Young MSM, men of color, and those with main sex partners expressed a high level of willingness to participate in couples HIV counseling and testing with a male partner in the next year. Given this willingness, it is likely feasible to scale up and evaluate CVCT interventions for US MSM.
Citation: Wagenaar BH, Christiansen-Lindquist L, Khosropour C, Salazar LF, Benbow N, Prachand N, et al. (2012) Willingness of US Men Who Have Sex with Men (MSM) to Participate in Couples HIV Voluntary Counseling and Testing (CVCT). PLoS ONE 7(8): e42953. https://doi.org/10.1371/journal.pone.0042953
Editor: Linda M. Niccolai, Yale School of Public Health, United States of America
Received: May 9, 2012; Accepted: July 16, 2012; Published: August 14, 2012
Copyright: © Wagenaar et al. This is an open-access article distributed under the terms of the Creative Commons Attribution License, which permits unrestricted use, distribution, and reproduction in any medium, provided the original author and source are credited.

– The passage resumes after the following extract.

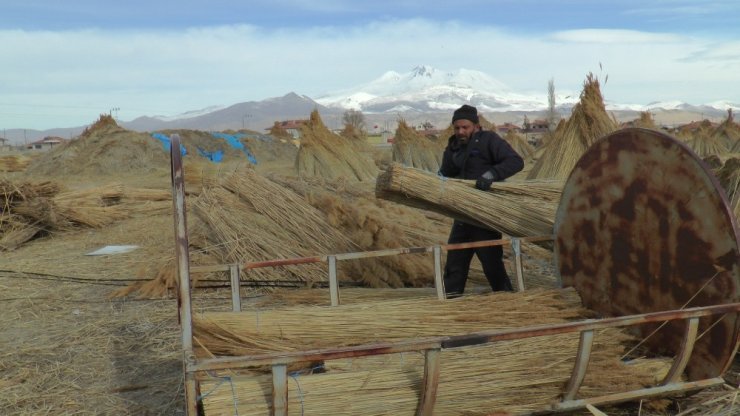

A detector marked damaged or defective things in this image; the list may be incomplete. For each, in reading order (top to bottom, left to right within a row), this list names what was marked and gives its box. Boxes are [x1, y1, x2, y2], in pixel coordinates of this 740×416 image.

rusty metal disc [556, 126, 740, 380] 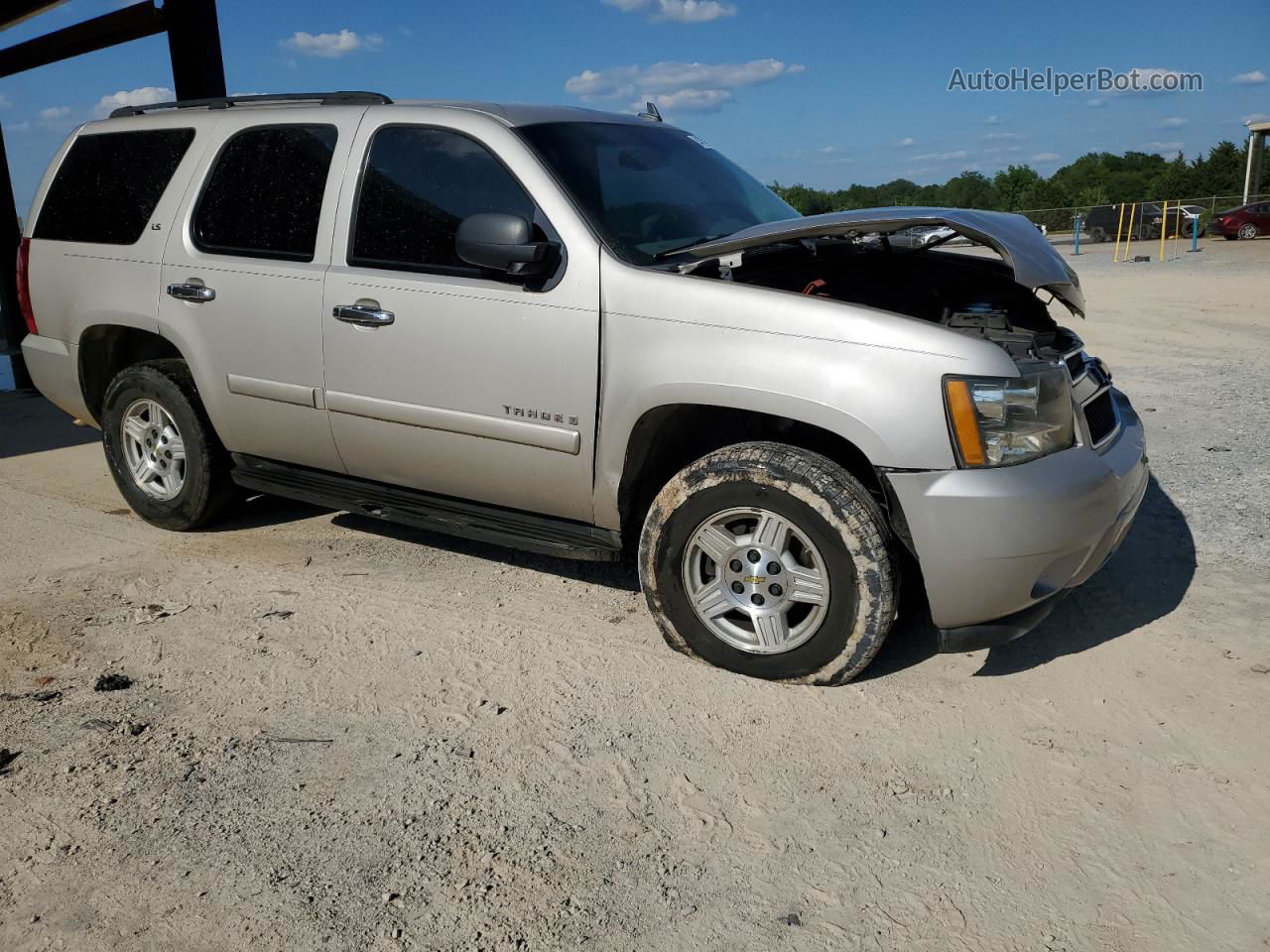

Funding: This work was supported by grants from National Institute of Mental Health (R34-MH086331) the Eunice Kennedy Shriver National Institute of Child Health & Human Development (T32HD052460), the MAC AIDS Fund, and by the Emory Center for AIDS Research (P30 AI050409). The funders had no role in study design, data collection and analysis, decision to publish, or preparation of the manuscript.
Competing interests: The authors have declared that no competing interests exist.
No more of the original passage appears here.